Wang Bi (226–249), courtesy name Fusi, was a Chinese philosopher and politician, expertise in Yijing and Xuanxue

Life
Wang Bi served as a minor bureaucrat in the state of Cao Wei during the Three Kingdoms period. He was married with a daughter when he died of sickness at the age of 23.

Wang Bi's most important works are commentaries on Laozi's Tao Te Ching and the I Ching.
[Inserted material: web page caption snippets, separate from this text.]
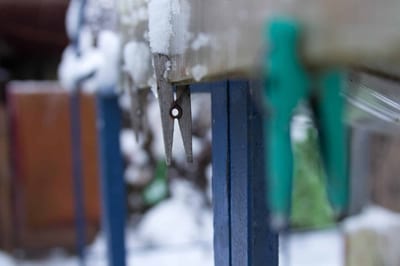 Why Plastic Fabrication Wins for Winter Home Improvements in Australia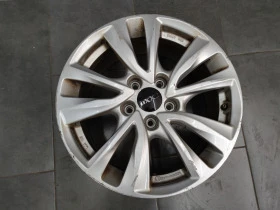 Джанти, снимка 1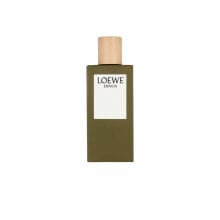 Парфюмерия унисекс Loewe EDT (100 ml)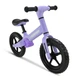 Детский Велобег Star Toys Factor Co (BB2642) Сиреневый - изображение 4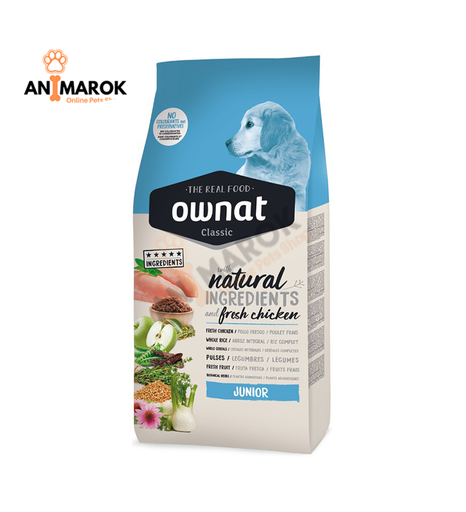 [855958006761] Churu Dogs Chicken and Salmon 160g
The text of the Tao Te Ching that appeared with his commentary was widely considered the best copy of his work until the discovery of the Han-era Mawangdui texts in 1973. He was a scholar of Xuanxue.

Writings 
At least three works by Wang Bi are known: a commentary on Confucius' Analects, which survives only in quotations; commentaries on the I Ching and the Tao Te Ching, which not only have survived but have greatly influenced subsequent Chinese thought on those two classics.

His commentary on the I Ching has been translated into English by Richard John Lynn, The Classic of Changes (New York: Columbia University, 1994) 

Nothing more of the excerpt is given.